My second criticism of the hon. Member for Mid-Bedford is that he showed scant respect for the need for objectivity in our output. That is, he criticised the B.B.C. for referring to unofficial strikes in this country and for quoting the "New Statesman and Nation." I grant him quite freely that neither unofficial strikes nor the "New Statesman and Nation" are in any way typical of our great British democracy, but the supposition that we ought to give a one-sided interpretation all the time is certainly not an attitude which I feel should be adopted. We need a little subtlety in our projection. All people who were concerned with political warfare during the war came out of it feeling that it was essential to tell the truth and be objective. In the long run it paid.

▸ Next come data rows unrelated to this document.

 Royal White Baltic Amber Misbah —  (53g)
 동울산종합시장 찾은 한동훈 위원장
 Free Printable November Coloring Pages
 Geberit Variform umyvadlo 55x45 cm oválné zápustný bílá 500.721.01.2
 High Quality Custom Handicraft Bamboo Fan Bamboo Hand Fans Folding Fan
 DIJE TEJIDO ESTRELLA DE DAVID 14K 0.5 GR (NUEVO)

I should be sorry to adopt the kind of policy which seemed to be foreshadowed in the speech of the hon. Member for Mid-Bedford, or that the B.B.C. should lapse from their high standards of objectivity in the Far East. We hope that the B.B.C. will build up the same kind of reputation in the Far East that it has built up in Europe with its European services. If it does that, it will be doing a fine job for British democracy and for peace in the Far East.

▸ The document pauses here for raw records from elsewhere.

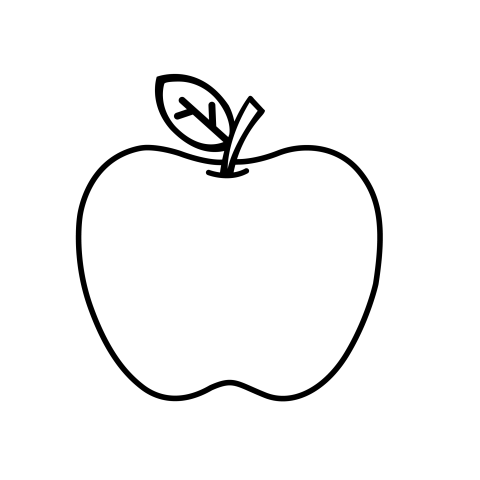 Apple png black and white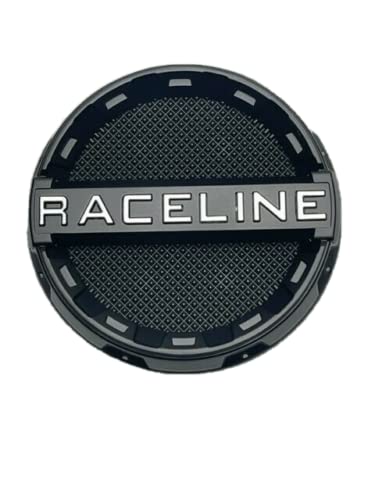 Raceline Matte Black Snap in Wheel Center Cap C904B-FB - Wheel Center Caps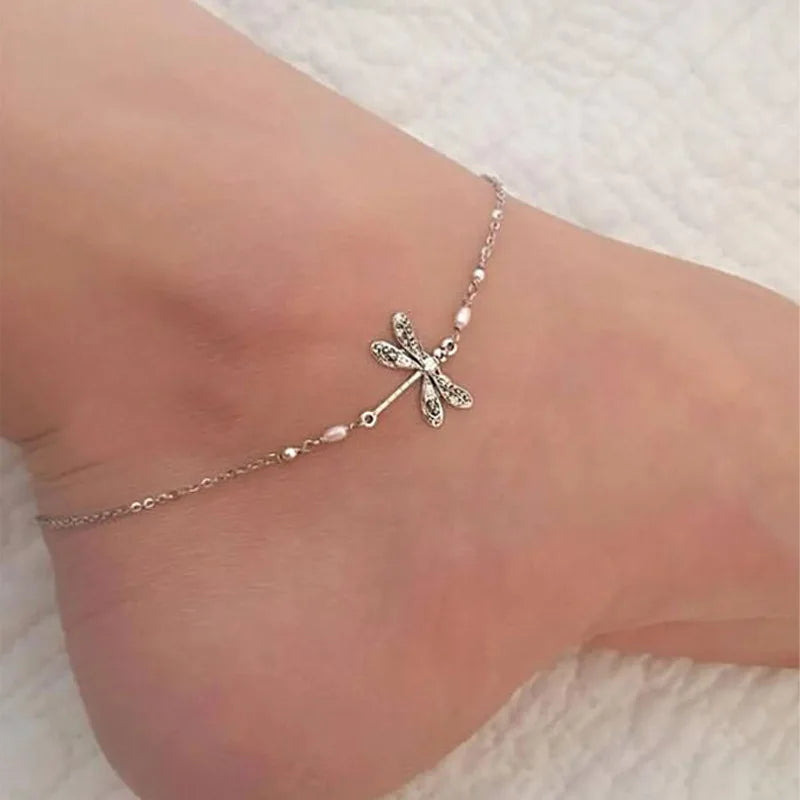 Vintage Boho Tassel Anklet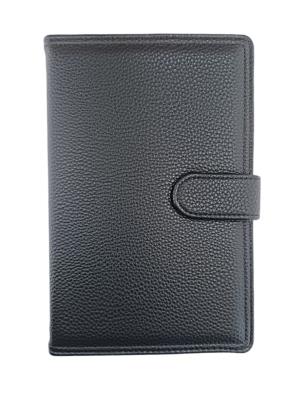 Opakowanie Kalendarz 2023 A5 tygodniowy z zapięciem ekoskóra czarny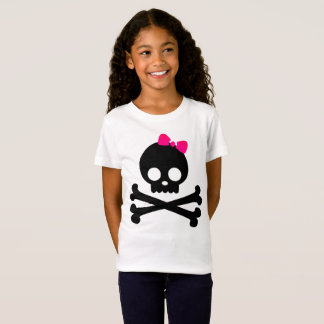 Flicka Jersey för vit för Punkyskalle T-tröja Tee Shirt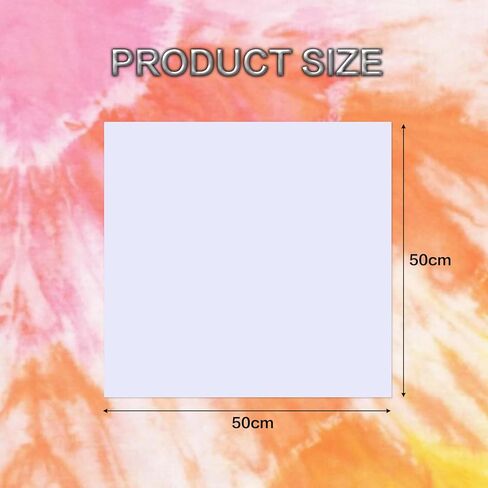 12 PCS Bandanas White Bandanas ، منديل باندانا باندانا لصبغ TIE DIY ، مناديل صلبة فارغة بالجملة ، غلاف الرأس للقطن للجنسين للفنانين وعشاق الحرفية- 50 × 50 سم in Kuwait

There are one or two technicalities which I should like to put to the Assistant Postmaster-General. I should like to know on how many wavelengths it is proposed we shall broadcast from this station? Difficulties always arise when wavelengths are considered. As anyone in Europe knows, there is great congestion of wavelengths here, but I doubt if that would apply in the Far East. There are other problems. If one wants freedom from interference one chooses the short waves but that raises other difficulties which make it necessary to have very good receivers to get adequate reception. If one wants to broadcast by long wave, and if there is to be a sufficient range and freedom from interference, great power is needed behind the transmission. How do the B.B.C. propose to tackle these problems? Do they intend to utilise long waves, short waves or medium waves, and what methods have they adopted for securing wavelength co-ordination with the other States which are broadcasting in the same area?

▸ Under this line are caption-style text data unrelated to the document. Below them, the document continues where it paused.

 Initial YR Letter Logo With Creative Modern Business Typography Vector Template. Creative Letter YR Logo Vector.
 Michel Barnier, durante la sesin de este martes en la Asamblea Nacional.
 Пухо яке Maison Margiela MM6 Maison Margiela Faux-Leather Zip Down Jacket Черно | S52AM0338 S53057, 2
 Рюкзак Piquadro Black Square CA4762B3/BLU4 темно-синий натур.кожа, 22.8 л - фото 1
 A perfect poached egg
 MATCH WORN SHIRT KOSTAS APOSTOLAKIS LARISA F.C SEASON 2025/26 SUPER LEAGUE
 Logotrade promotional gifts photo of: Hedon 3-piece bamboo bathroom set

It is difficult to answer questions of the technical character which my hon. and gallant Friend has raised. I can tell him the frequencies upon which the present low-power station at Singapore is operating, but the difficulty about the frequency upon which the new station will operate is that the allocations of frequencies are decided by international agreement. Unfortunately I cannot answer my hon. and gallant Friend because a conference is sitting at Mexico City, the purpose of which is to allocate the frequencies internationally. Until that conference has made its recommendations I am not in a position to say precisely on which wavelength the station will operate.